Brasil compra lixo de outros países e deixa de reciclar o que produz
Era uma vez a incrível história de um país que produzia milhares de toneladas de resíduos sólidos todos os dias. Mas que reciclava menos de 4% destes resíduos. Não contente com estas montanhas de lixo e sem conseguir dar conta delas, o tal país resolve comprar ainda mais lixo de outros países para aí, sim, reciclá-lo e colocar esta façanha em seus relatórios de sustentabilidade.
Seja bem-vindo ao Brasil de 2024. A situação parece surreal, mas a importação de resíduos vem crescendo ano a ano. Somente entre 2019 e 2022, de acordo com o Ministério do Desenvolvimento, Indústria, Comércio e Serviços (MDIC), as compras de papel e vidro de outros países subiram respectivamente 109,4% e 73,3%. No caso do plástico, o período registrou aumento de 7,2%. Um dos fatores que fizeram com que esses números tenham crescido no período acima é que o governo anterior zerou a alíquota de importação desse tipo de resíduo. Porém, o atual governo subiu a taxa de importação para 18% - e, mesmo assim, contrariando expectativas, a prática segue crescendo.

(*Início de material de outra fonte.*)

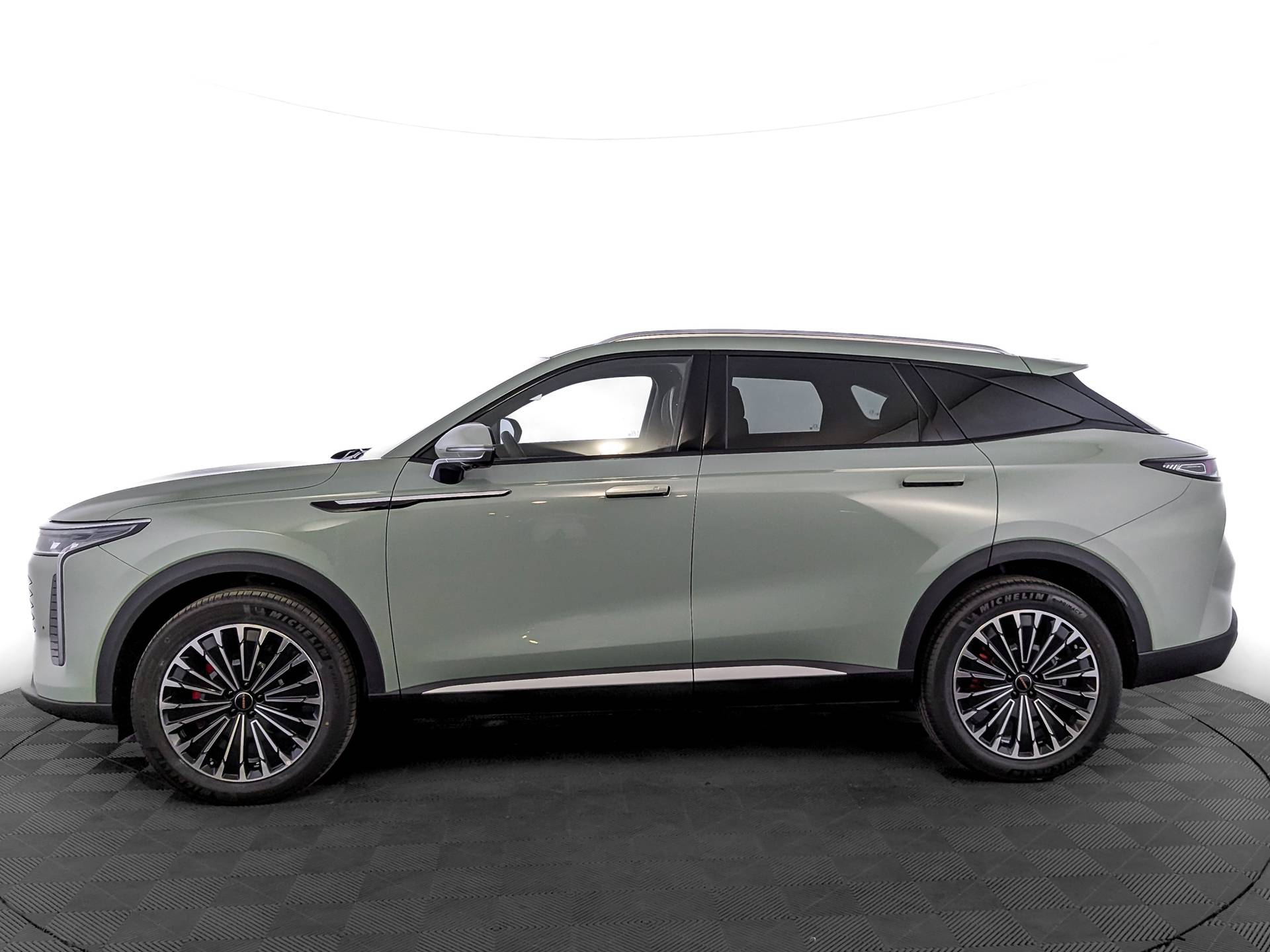 EXEED RX Premium 2.0 TGDI 8AT AWD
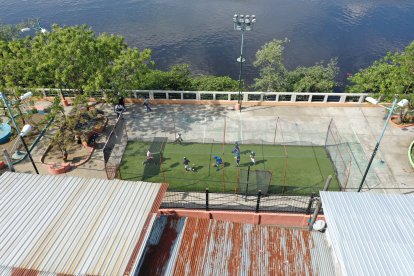 Los ‘minipeloteros’ entrenan en un pequeño espacio sobre el parque lineal de la cooperativa Esmeraldas Chiquito.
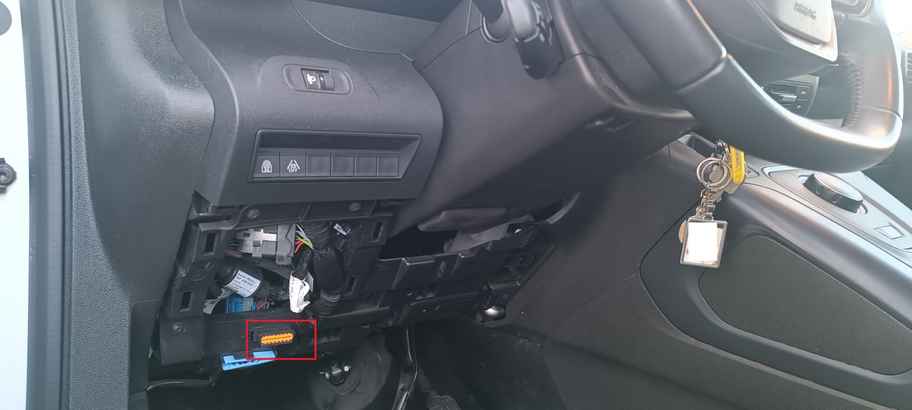 Localisation de la prise de diagnostic OBD orange sous le volant d un Peugeot Rifter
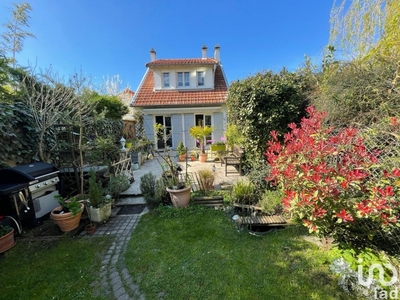 Maison 5 pièces de 170 m² à Bry-sur-Marne (94360)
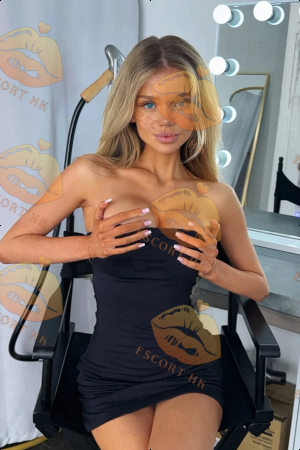 Charlotte photo 3, european, average, blonde hair, 168 cm, 58 kg, Large bust, Hong Kong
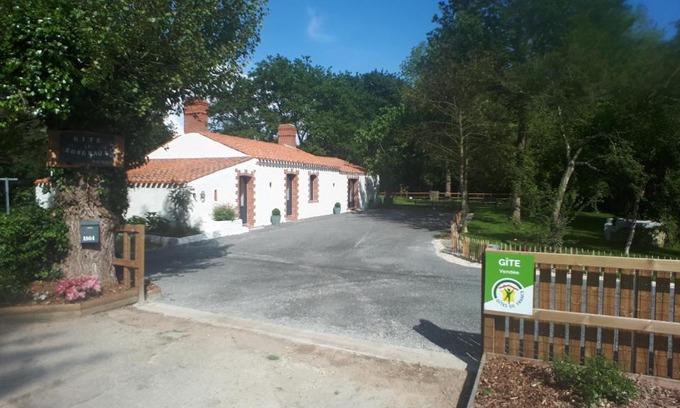 Saint-Gervais House | La Roseraie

A explicação para esta distorção está no bolso: continua sendo mais barato comprar resíduos de fora em vez de reciclar os nossos próprios. Com a importação, o valor do material recolhido pelos catadores tende a baixar cada vez mais, levando a uma precarização ainda maior do trabalho destes profissionais.
"Não faz sentido não aproveitarmos o que geramos. Se você facilita a importação, não desenvolve a cadeia aqui, retirando recursos que iriam para ajudar catadores a terem uma vida melhor. Não adianta dizer apenas que o produto é reciclado: é preciso olhar para toda a cadeia de fornecimento. E os direitos humanos de quem recolhe estes resíduos devem ser levados em consideração", aponta Isabela de Marchi, Gerente de Sustentabilidade da SIG na América do Sul. Segundo ela, é preciso aumentar ainda mais os incentivos fiscais para que as empresas utilizem o material existente no país.
Patrícia Iglecias, professora e superintendente de gestão ambiental da USP, observa que a Política Nacional de Resíduos Sólidos (PNRS) prevê, no pós-consumo, a priorização da inserção das cooperativas de catadores e sua profissionalização. "Os resíduos devem ser geradores de renda e cidadania. Ao não usar o trabalho dos catadores, você não atende à ecoeficiência que está na lei. Porque existem impactos que não estão no preço dos importados: há emissões de carbono por conta do transporte no navio, riscos de acidentes, sem contar que não há dados sobre a forma como este resíduo foi produzido no país de origem. Ou seja: é uma concorrência desleal com nossos resíduos".
Um levantamento feito pela Universidade de São Paulo aponta que, em 2021, o Brasil importava 8.600 toneladas de resíduos por ano. Isso equivale a 4% da geração de resíduos em um único dia no país. Dados coletados por associações de resíduos sólidos brasileiras mostram que, de 2021 até os dias de hoje, foram importadas 249 mil toneladas de papel, 12 milhões de plásticos e 21 mil toneladas de vidro. Estados Unidos encabeçam a lista dos nossos principais fornecedores.
Ao comprar um produto que leva o símbolo de "reciclado" na embalagem, o consumidor não tem a informação sobre a forma com que esta reciclagem ocorreu. O Brasil gera hoje mais de 80 milhões de toneladas de resíduos por ano e recicla apenas 4% deste total. Somos o quarto país que mais gera poluição plástica no mundo. Ou seja: é muito provável que este produto seja resultado de uma reciclagem vinda da importação. Ao desembarcarem no Brasil, estes materiais não chegam com dados de rastreamento e, pior, muitas vezes aportam sujos, trazendo elementos tóxicos, como dejetos de vários tipos. Isso abre as comportas para a chegada ilegal de lixo tóxico no Brasil - crime que já chama a atenção das autoridades.
"O processo da importação propicia o que chamamos de dano-evento, ou seja, que lesa um direito subjetivo ou uma norma protetora de interesses. Neste caso, o prejuízo está mascarado e será visto um tempo depois. Se queremos avançar em matéria de sustentabilidade, é preciso considerar a proibição total da importação de resíduos como medida não só ambiental, mas também econômica e social", afirma Patrícia Iglecias.